### Description of the task
Write out the listing from the line with "Yoke Comparison Chart Degree of Rotation" to the line with "lol10.12版本强势英雄汇总推荐", both lines included, exactly and nothing beyond. Leave pictures out.

### Material provided

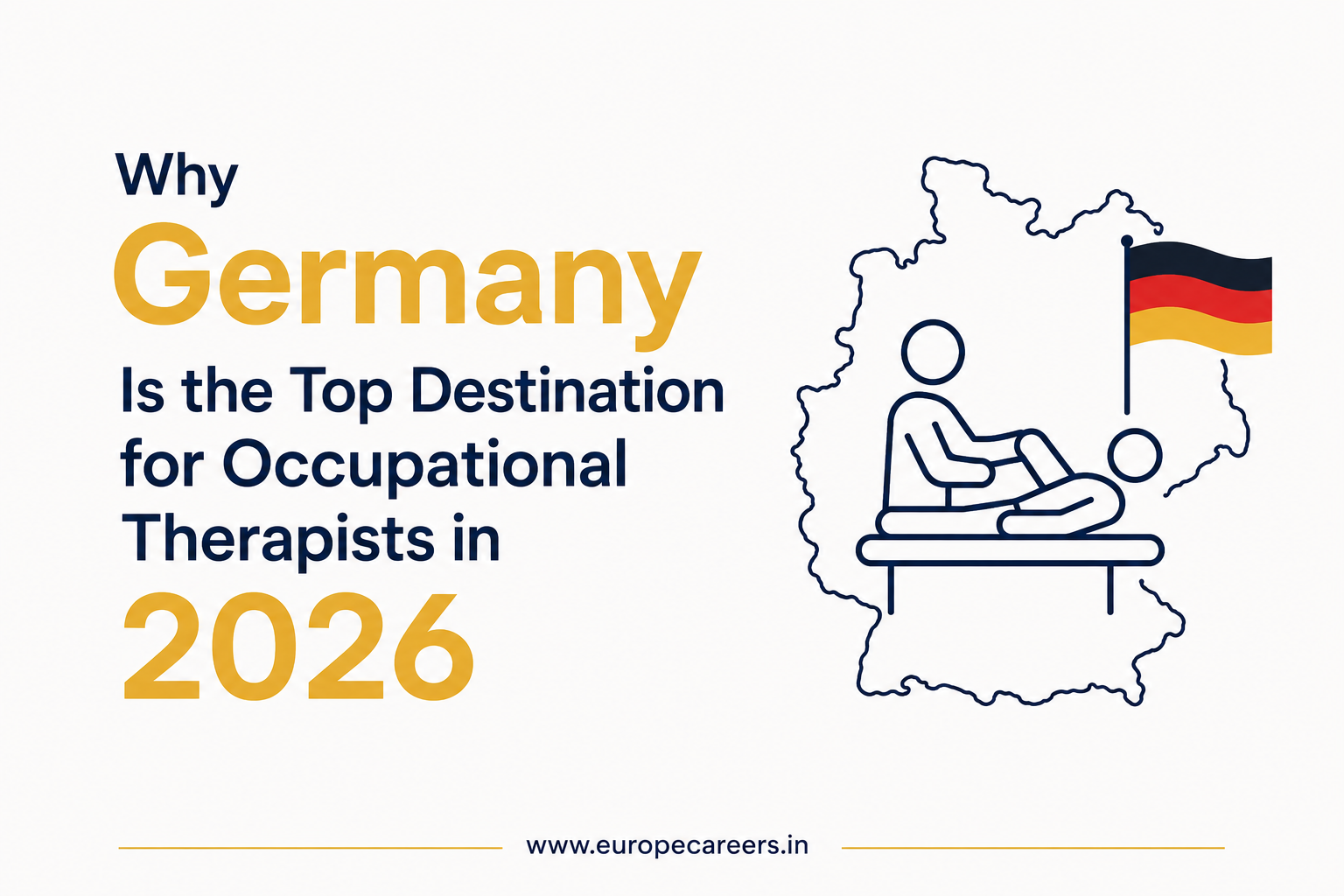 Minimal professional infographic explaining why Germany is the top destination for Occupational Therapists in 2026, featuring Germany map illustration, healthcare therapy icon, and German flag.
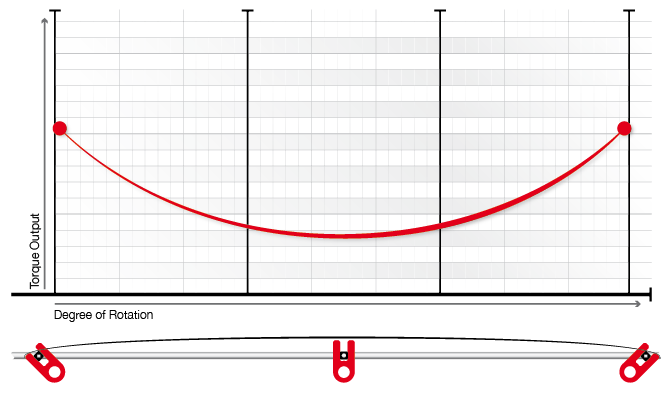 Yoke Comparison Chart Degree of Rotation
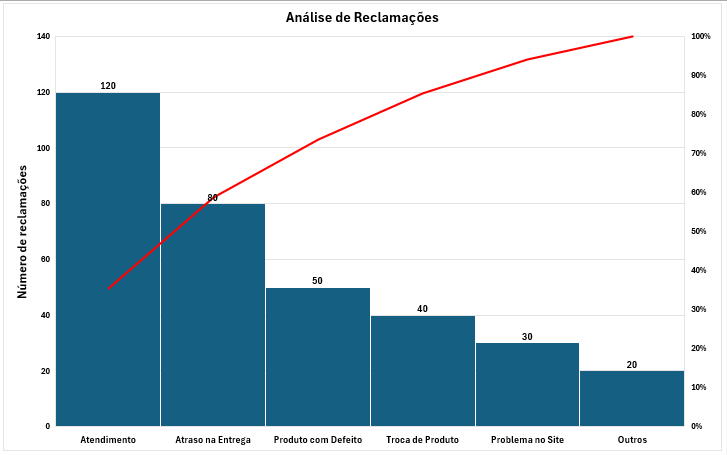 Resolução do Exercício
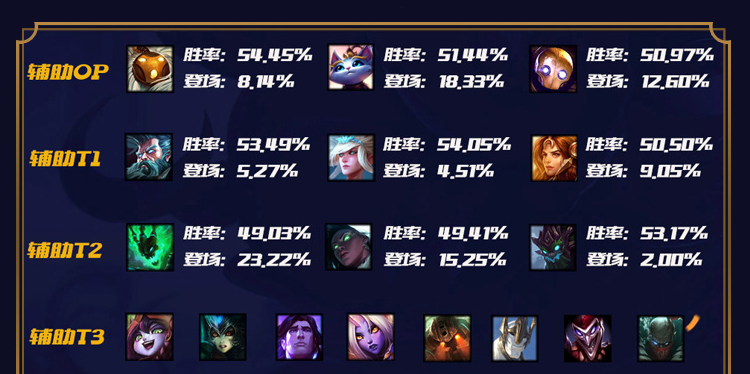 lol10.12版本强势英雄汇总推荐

==

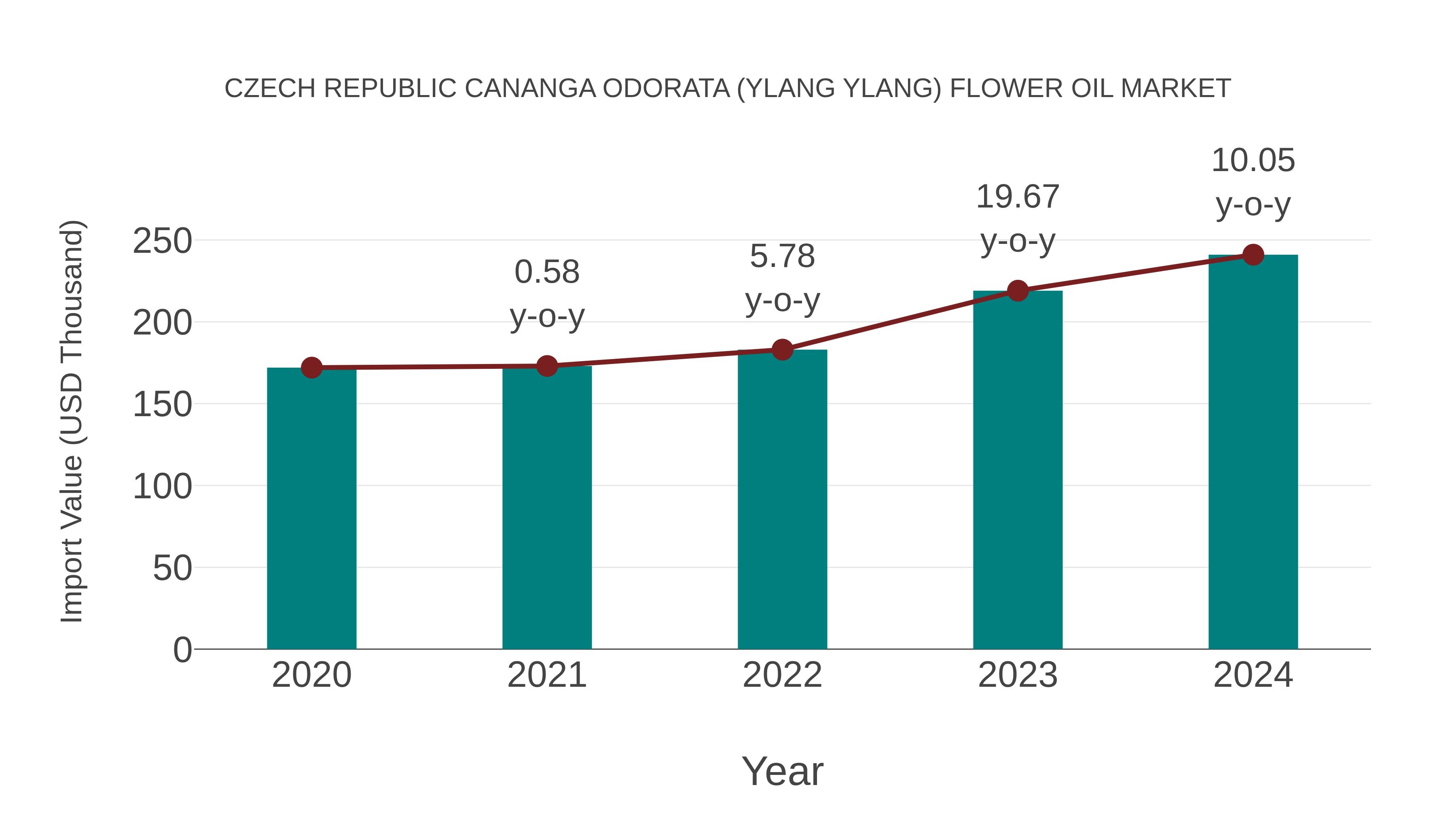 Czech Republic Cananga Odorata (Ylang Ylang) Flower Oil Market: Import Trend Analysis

### Answer below
 Yoke Comparison Chart Degree of Rotation
 Resolução do Exercício
 lol10.12版本强势英雄汇总推荐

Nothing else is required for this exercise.